#### Task to carry out:
Reproduce the following data exactly, minus any images.

#### Provided data:
+++

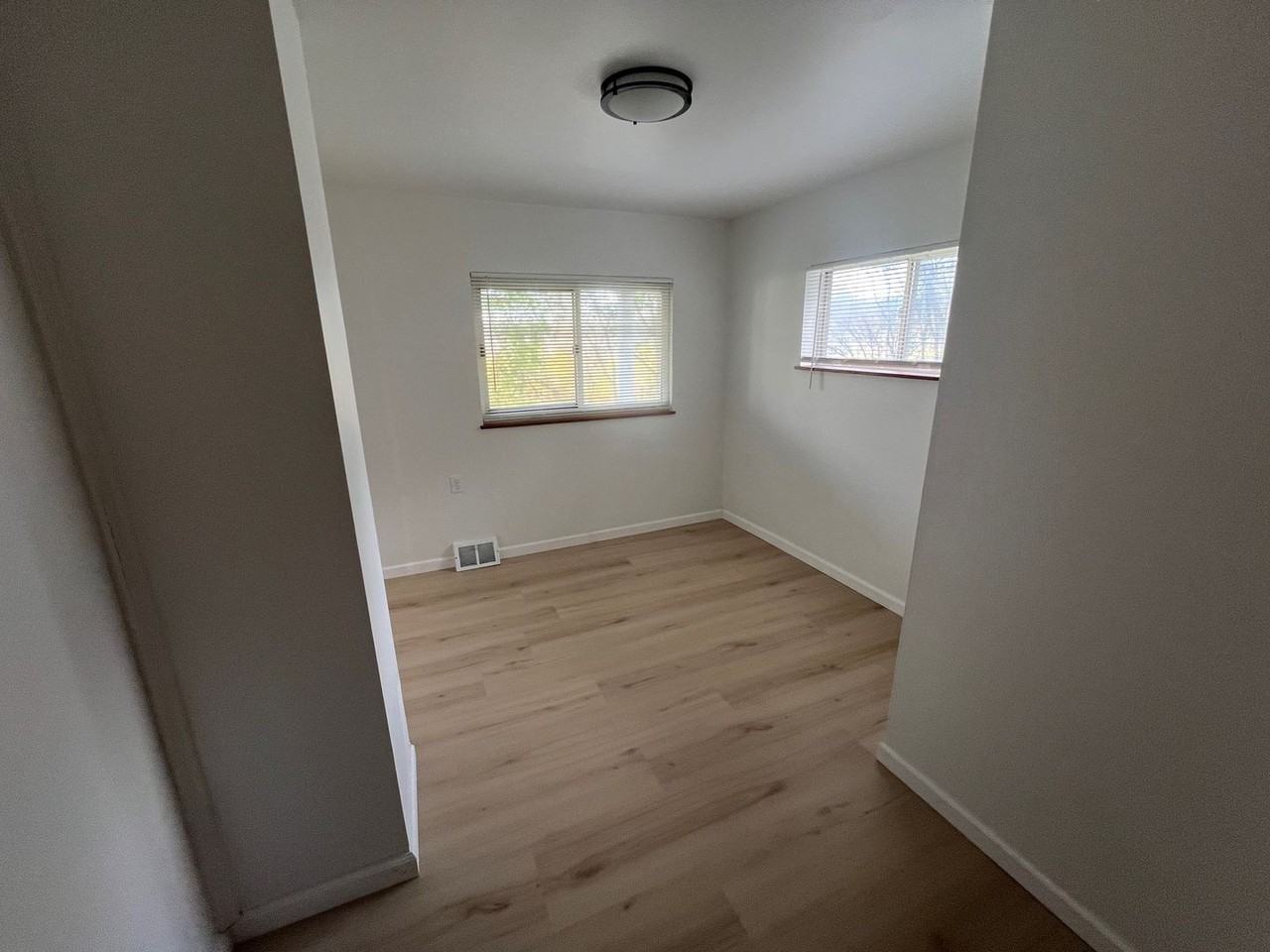 6036 Sawyer Street - Photo 7 of 13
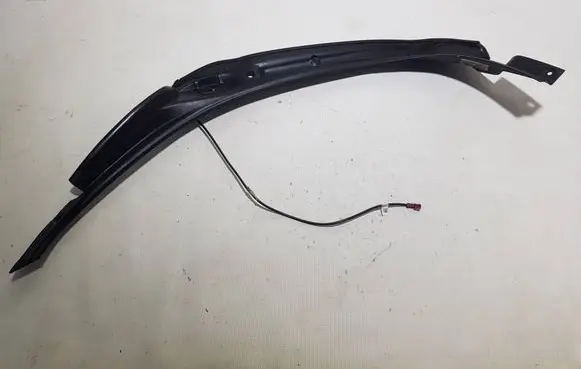Mercedes-Benz ML W164 Seal rubber (tailgate) A1648202110FFR A1648202110 A1646931533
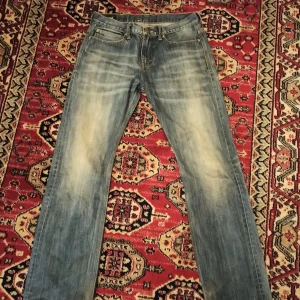 Blå jeans från Lee - Säljer dom här jeansen från Lee med straight passform. Storlek 32/31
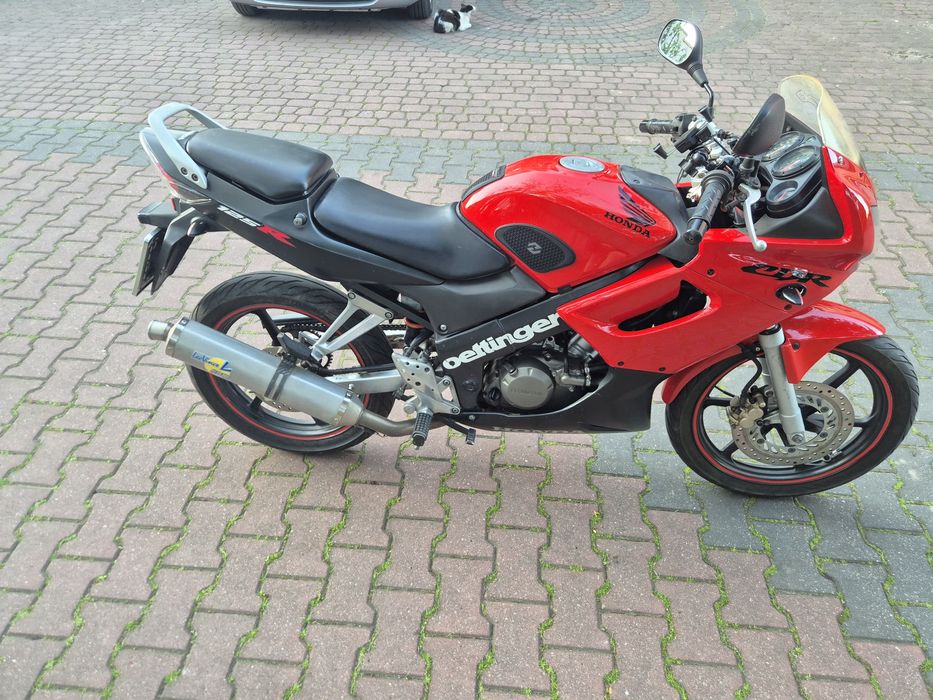 Honda cbr 125r jc34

+++

#### Final answer:
 6036 Sawyer Street - Photo 7 of 13
Mercedes-Benz ML W164 Seal rubber (tailgate) A1648202110FFR A1648202110 A1646931533
 Blå jeans från Lee - Säljer dom här jeansen från Lee med straight passform. Storlek 32/31
 Honda cbr 125r jc34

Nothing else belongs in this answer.